Caption-style text data
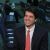 Mark Shriver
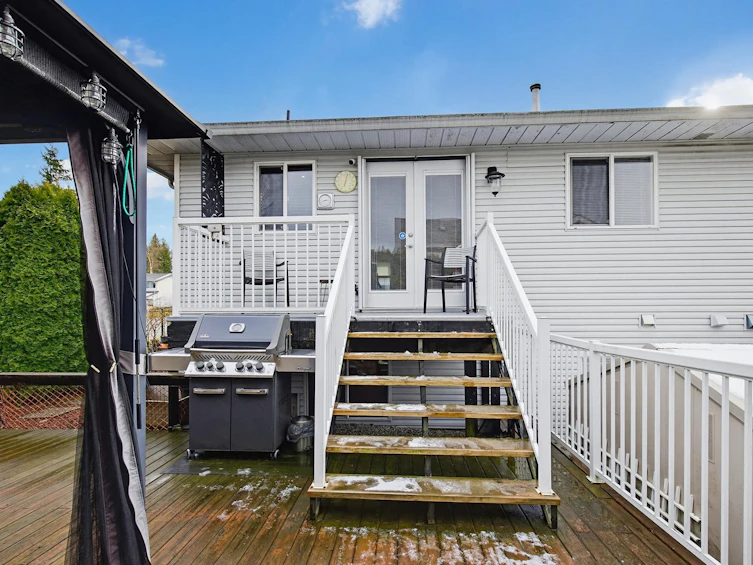 33275 Cherry Avenue, Mission, BC, V2V 2V3 - 36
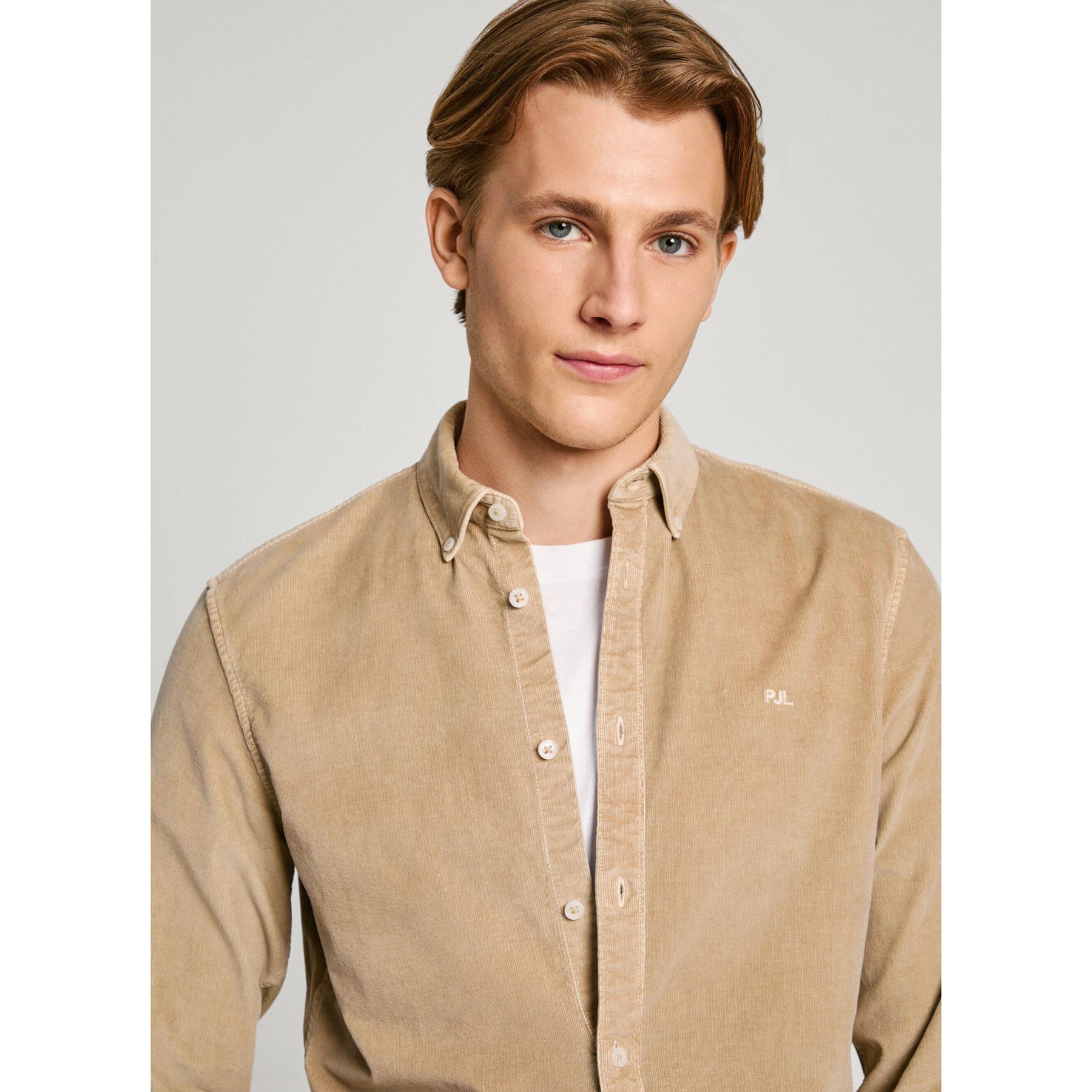 product/p/e/pepe-jeans_pm308730-840_840concret_6.jpg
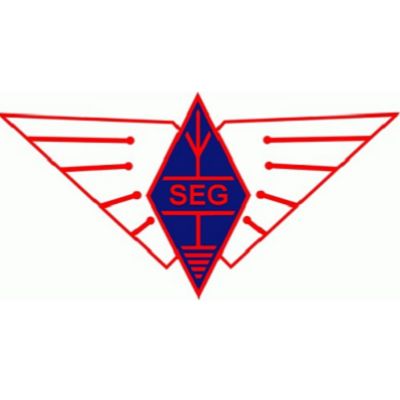 2026 Southern Electronics Group Membership Logo
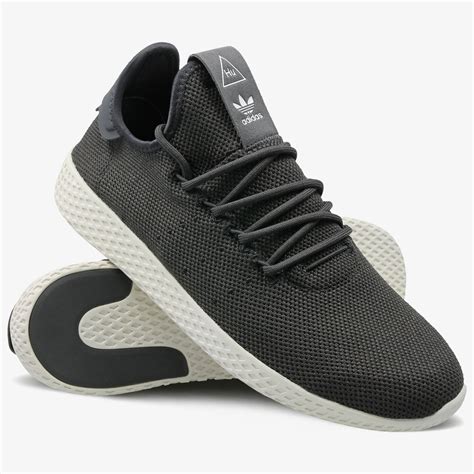 adidas pharrell williams herren|adidas pharrell williams hu sale.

→ Directions: Each entry above is to be restated exactly, without its images.

→ Answer box:
 Mark Shriver
 33275 Cherry Avenue, Mission, BC, V2V 2V3 - 36
 product/p/e/pepe-jeans_pm308730-840_840concret_6.jpg
 2026 Southern Electronics Group Membership Logo
 adidas pharrell williams herren|adidas pharrell williams hu sale.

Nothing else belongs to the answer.